If empty clusters are generated during the process, or if the membership of one or more of the clusters falls below a given threshold, the clusters with low populations are reseeded at new points and the EM algorithm is rerun.
The results of the EM clustering method are probabilistic. This means that every data point belongs to all clusters, but each assignment of a data point to a cluster has a different probability. Because the method allows for clusters to overlap, the sum of items in all the clusters may exceed the total items in the training set. In the mining model results, scores that indicate support are adjusted to account for this.

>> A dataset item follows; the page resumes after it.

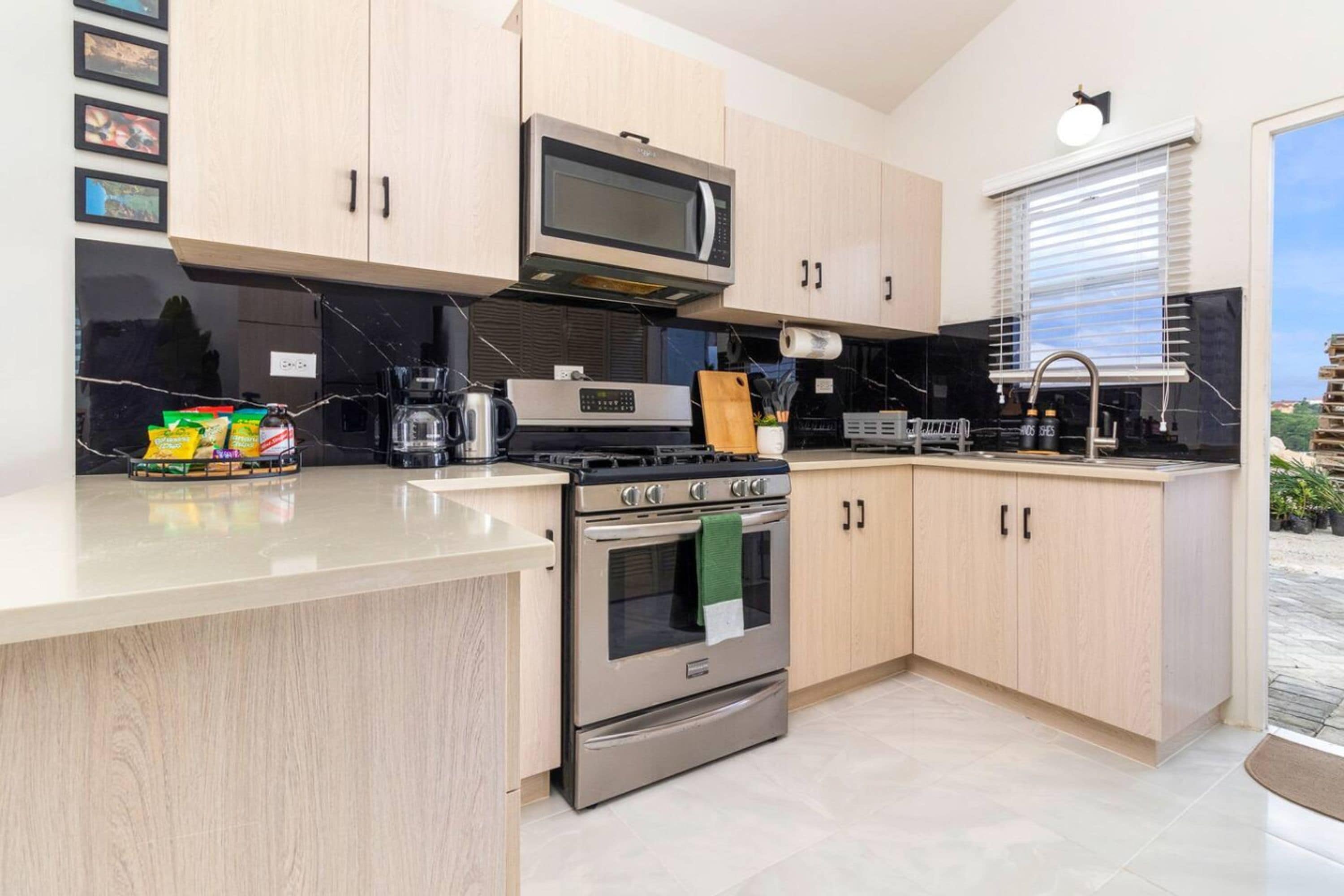 A modern kitchen with stainless steel appliances, wooden cabinets, and a large window.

The EM algorithm is the default algorithm used in Microsoft clustering models. This algorithm is used as the default because it offers multiple advantages in comparison to k-means clustering:
-
Requires one database scan, at most.
-
Will work despite limited memory (RAM).
-
Has the ability to use a forward-only cursor.
-
Outperforms sampling approaches.
The Microsoft implementation provides two options: scalable and non-scalable EM. By default, in scalable EM, the first 50,000 records are used to seed the initial scan. If this is successful, the model uses this data only. If the model cannot be fit using 50,000 records, an additional 50,000 records are read. In non-scalable EM, the entire dataset is read regardless of its size. This method might create more accurate clusters, but the memory requirements can be significant. Because scalable EM operates on a local buffer, iterating through the data is much faster, and the algorithm makes much better use of the CPU memory cache than non-scalable EM. Moreover, scalable EM is three times faster than non-scalable EM, even if all the data can fit in main memory. In the majority of cases, the performance improvement does not lead to lower quality of the complete model.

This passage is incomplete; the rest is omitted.